As responsible and concerned global citizens, we cannot continue distracting ourselves with rhetoric, thinking that by playing the blame game, we have done our bit and can give ourselves a pat on the back for every few decimal points shaved off from the emissions chart. As we must hold our parliamentarians accountable for creating just policies, we must hold ourselves individually accountablem, too. Our individual actions — or inactions —impact carbonization. We need behavioral change, and it starts with each individual. 


We must amplify grassroots experiences and personal insights and take action on the ground ourselves. In doing so, we shift our awareness of planetary degradation from an abstract phenomenon of carbon levels and future impacts to a more tangible, multi-layered intersectional issue of social, economic, and environmental struggles. This shift requires an intergenerational and intersectional effort; it cannot be a standalone, siloed campaign. 


We must cumulate gender justice, racial justice, education, peace, and disarmament into a call for humanity and equity. This is one battle that we cannot afford to lose. Young people, with their fresh perspectives and lack of cynicism, must be at the forefront to ensure accountability and transparency. 

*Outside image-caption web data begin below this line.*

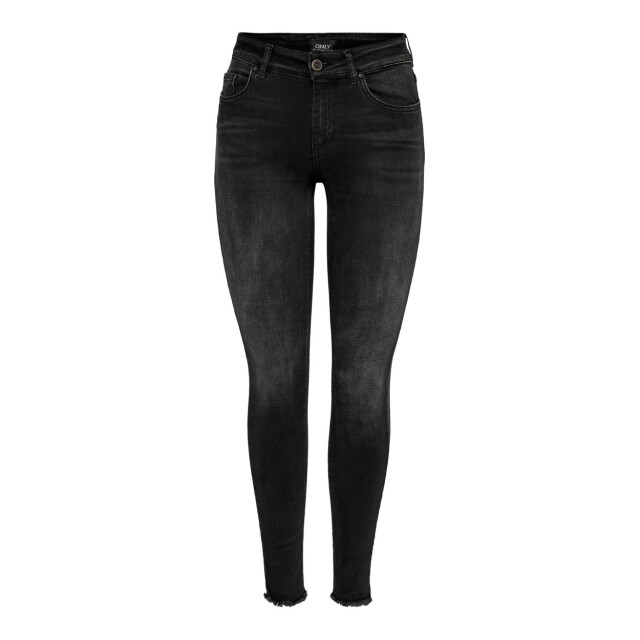 Only Onlblush life midsk ankraw rea1099. black denim 4101.81.0230 large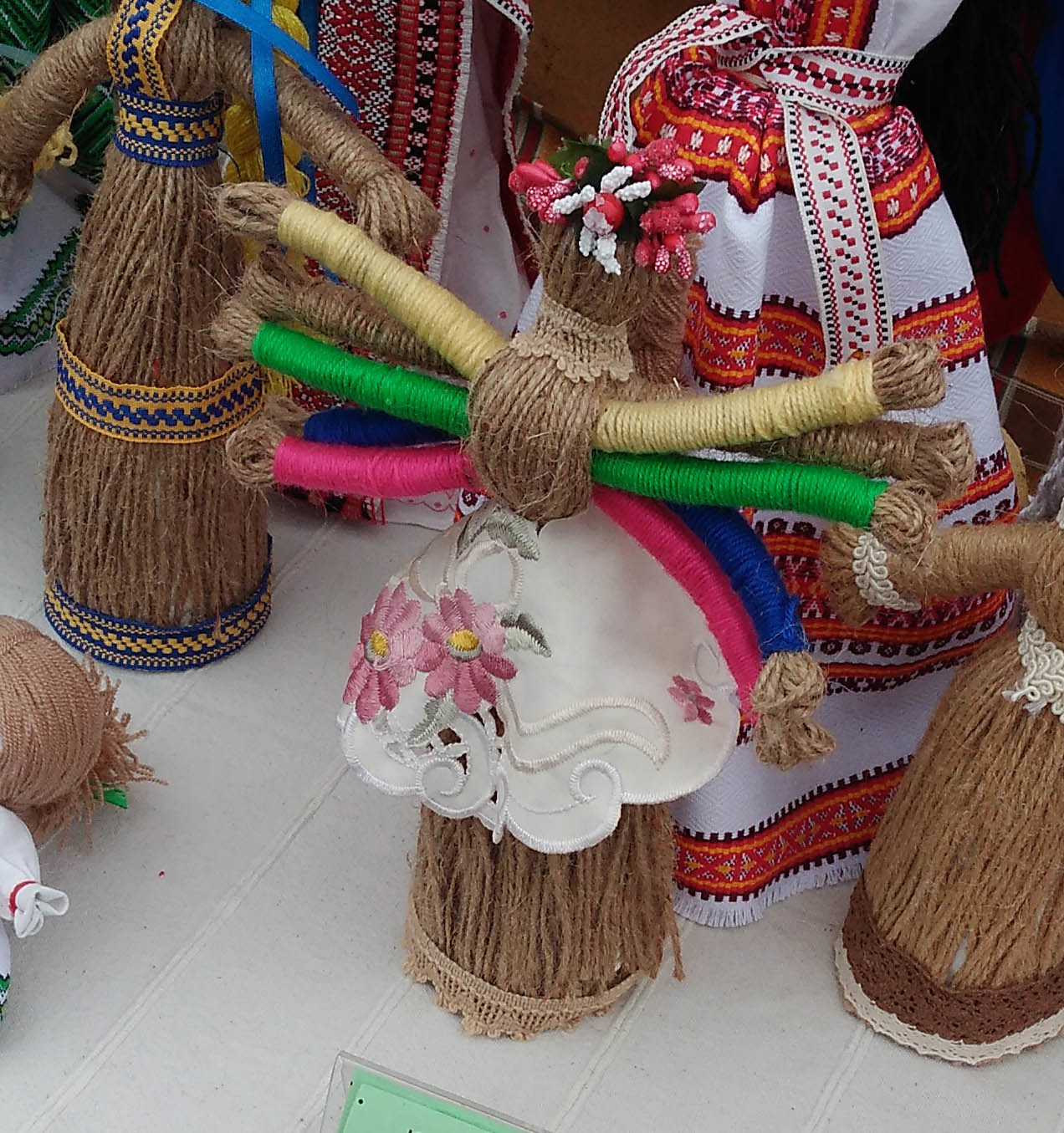 Creep folk art - My, Motanka, Folk art, Maslenitsa, Longpost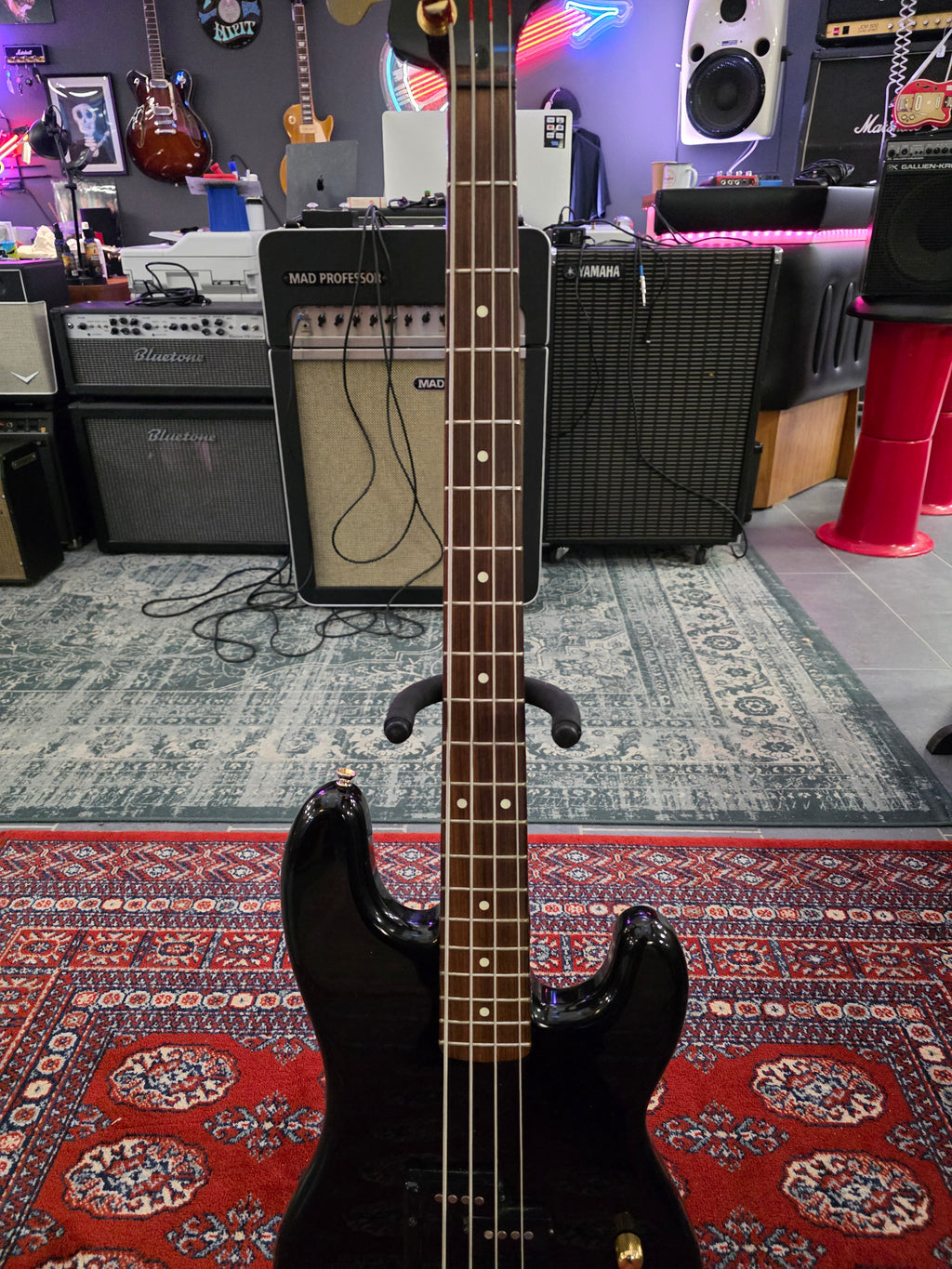 Fender Jazz Bass Special PJ-555 Black 1988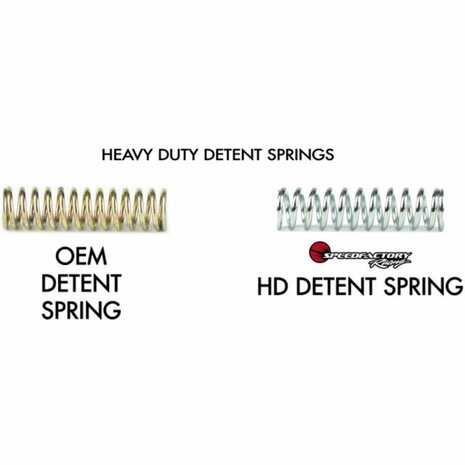 Jeu de ressorts de d&eacute;tente HD SpeedFactory Honda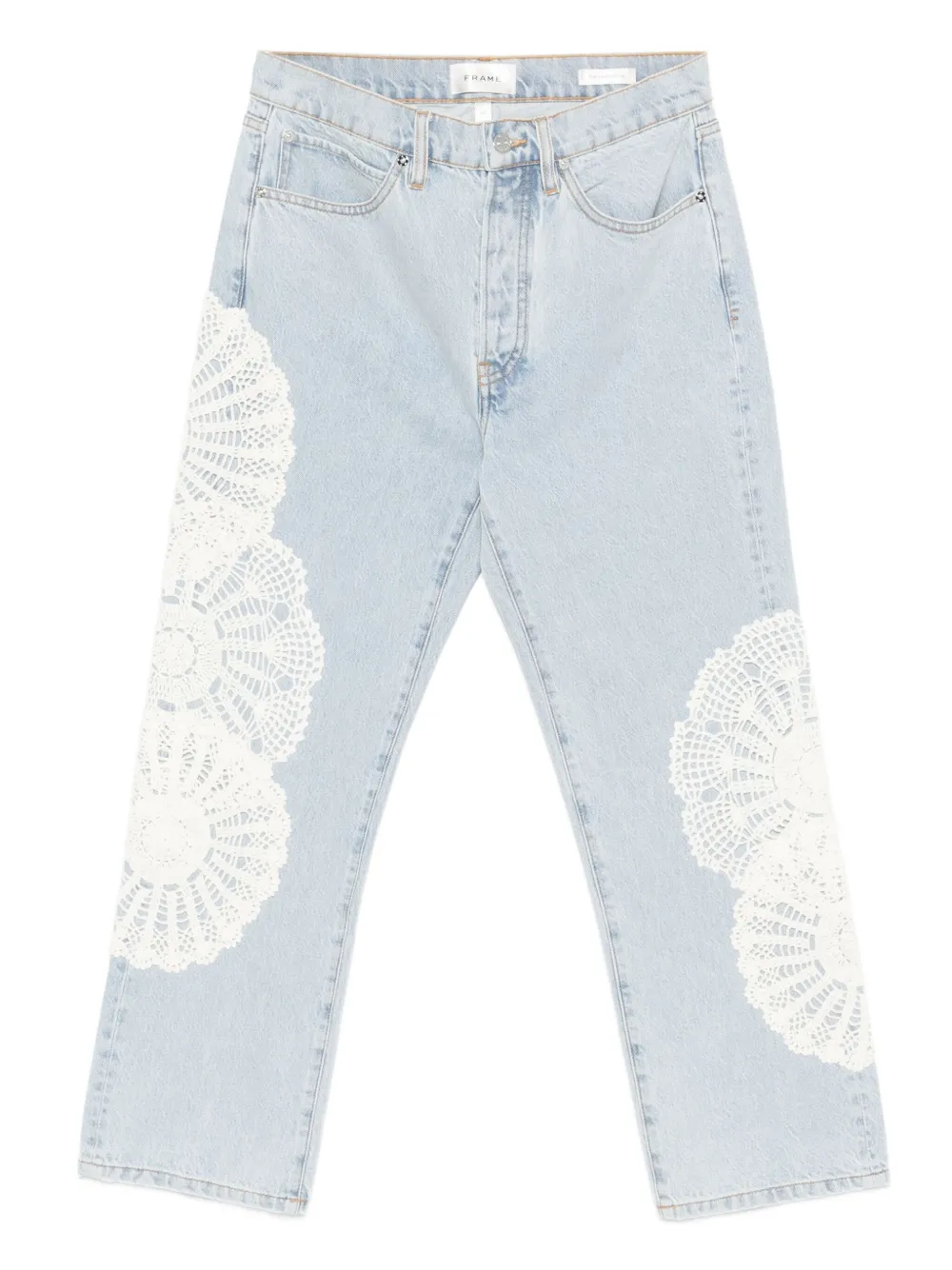 The Crochet jeans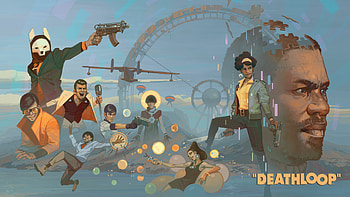 Deathloop, New concept art, , Captivating visuals HD wallpaper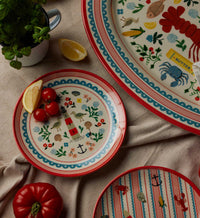 Tracy & Co Melamine Serving Platter - Seaside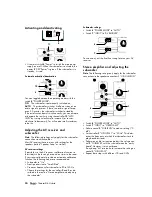 Preview for 10 page of Teufel theater 6 hybrid Operating Instructions Manual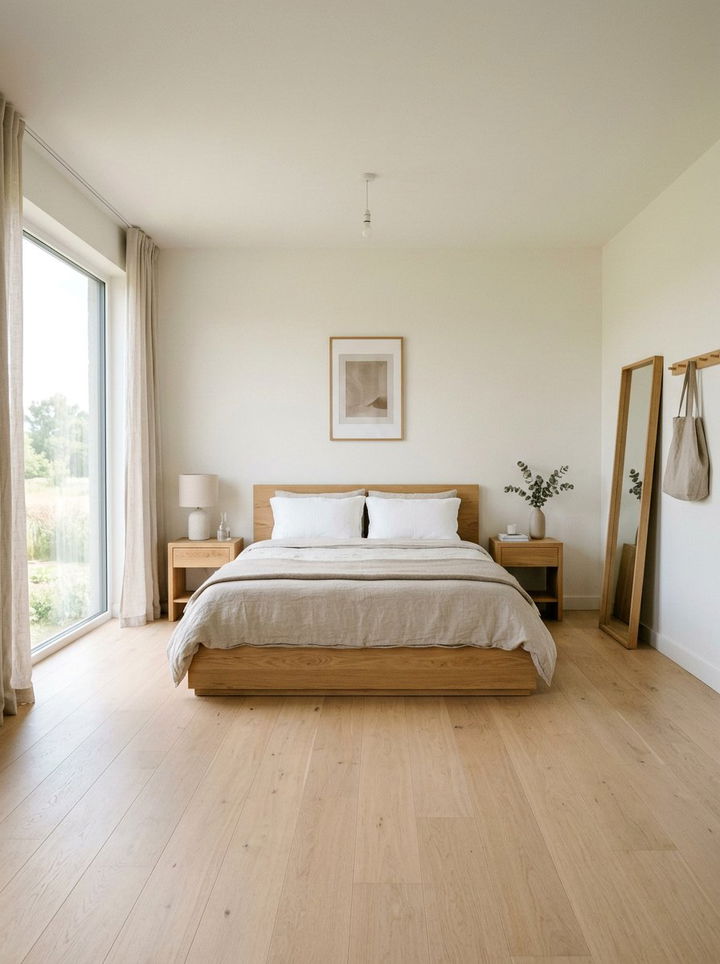 Minimalist Bedroom Layout - 30 better sleep bedroom ideas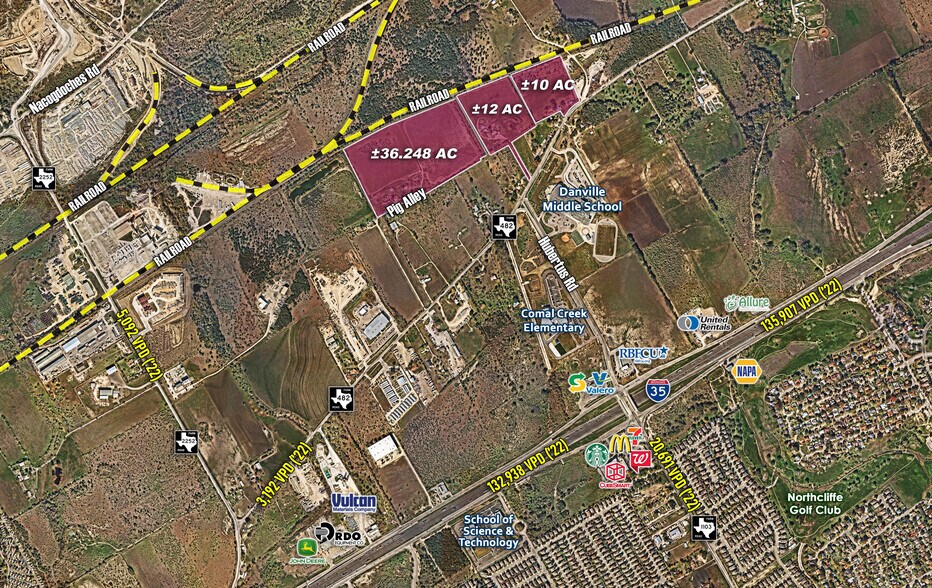 Primary Photo Of 7410 FM 482, New Braunfels Land For Sale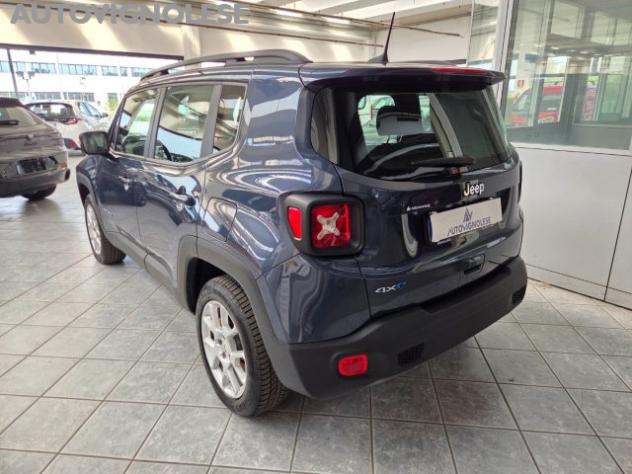 JEEP Renegade 1.3 T4 190CV PHEV 4xe AT6 Limited-CAMERA rif. 24055965 - Foto 3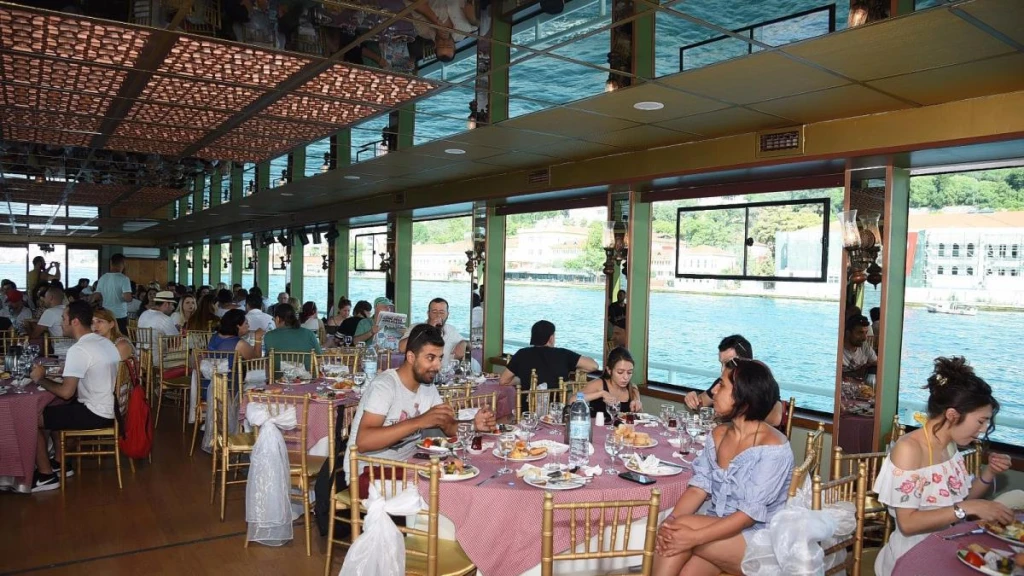 Tour di nuoto sul Bosforo
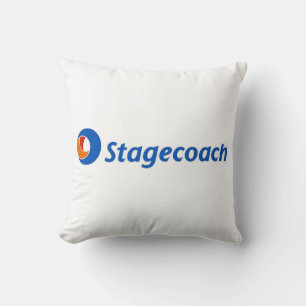 Stagecoach Kushion Throw Pillow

Needless to mention, we have already fallen behind. Each day of procrastination willmake our world’s challenges even more difficult to overcome, but with concerted efforts, basedon a spirit of multilateralism, we can still reverse the tide. We, those who have had the privilege of getting an education, must use this shift towards driving change from the grassroots to act and create change in our own zones of influence. We can do this through passion, honesty, hard work, optimism and, most importantly, empathy for people and the planet.